Are You Afraid of Me, Child?

[A Prayer for those we forgot to invite to the Christmas Celebrations, yet again.]

Someone had whispered a scream in my ears. Its fragrance lingered like a sunflower in a wintry dusk. Like a fallacy. When music came we transformed it to a sonata and planted it in a flower pot.

Our life was a radio station that played Gothic music, forever, after we lived.

The Accordion People

When he played the accordion, people could fly. Everyone loved him and the women cooked for him. After he’d fininshed his food, he would start tapping his left foot and picking his accordion would start rolling his fingers. The women would fly back to their home.
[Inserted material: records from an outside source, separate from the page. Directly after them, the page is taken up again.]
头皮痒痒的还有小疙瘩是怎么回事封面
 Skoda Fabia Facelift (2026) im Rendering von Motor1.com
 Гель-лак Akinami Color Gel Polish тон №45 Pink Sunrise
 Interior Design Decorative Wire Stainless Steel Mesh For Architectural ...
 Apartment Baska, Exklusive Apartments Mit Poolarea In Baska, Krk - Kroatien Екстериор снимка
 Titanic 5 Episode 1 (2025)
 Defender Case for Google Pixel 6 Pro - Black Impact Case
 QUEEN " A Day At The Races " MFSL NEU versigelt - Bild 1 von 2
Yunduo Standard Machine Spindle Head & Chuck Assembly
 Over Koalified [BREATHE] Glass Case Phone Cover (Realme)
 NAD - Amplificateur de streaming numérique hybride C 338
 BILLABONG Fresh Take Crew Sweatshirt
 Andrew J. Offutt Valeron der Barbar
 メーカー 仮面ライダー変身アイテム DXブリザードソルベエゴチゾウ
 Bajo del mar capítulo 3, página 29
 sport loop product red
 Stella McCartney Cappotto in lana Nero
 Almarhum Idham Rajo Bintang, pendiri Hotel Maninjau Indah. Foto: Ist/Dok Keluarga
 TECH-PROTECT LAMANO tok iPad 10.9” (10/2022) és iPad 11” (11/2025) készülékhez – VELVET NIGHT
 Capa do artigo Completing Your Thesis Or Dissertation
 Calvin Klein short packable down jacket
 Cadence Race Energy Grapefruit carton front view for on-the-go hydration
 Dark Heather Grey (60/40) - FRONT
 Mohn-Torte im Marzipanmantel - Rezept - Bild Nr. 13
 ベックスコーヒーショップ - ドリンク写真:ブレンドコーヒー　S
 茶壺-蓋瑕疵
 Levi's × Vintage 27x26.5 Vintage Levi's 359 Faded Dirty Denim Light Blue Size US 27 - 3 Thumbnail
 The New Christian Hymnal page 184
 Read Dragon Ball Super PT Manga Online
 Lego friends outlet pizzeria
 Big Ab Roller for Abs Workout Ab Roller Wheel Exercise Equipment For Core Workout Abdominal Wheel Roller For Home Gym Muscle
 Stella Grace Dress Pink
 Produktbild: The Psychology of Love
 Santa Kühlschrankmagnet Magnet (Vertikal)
When he died, everyone in the town was infuriated. How could he do this to them? Just because he had special powers didn’t mean that he had the liberty to succumb the pleasures and pressures of dying whenever he felt like doing so.

So, they hired a man to play the accordian. But they couldn’t fly. So, they hired wings for themselves. And they hired everything else. They worked hard and made all the arrangements. At last when they could fly they were too tired to do so.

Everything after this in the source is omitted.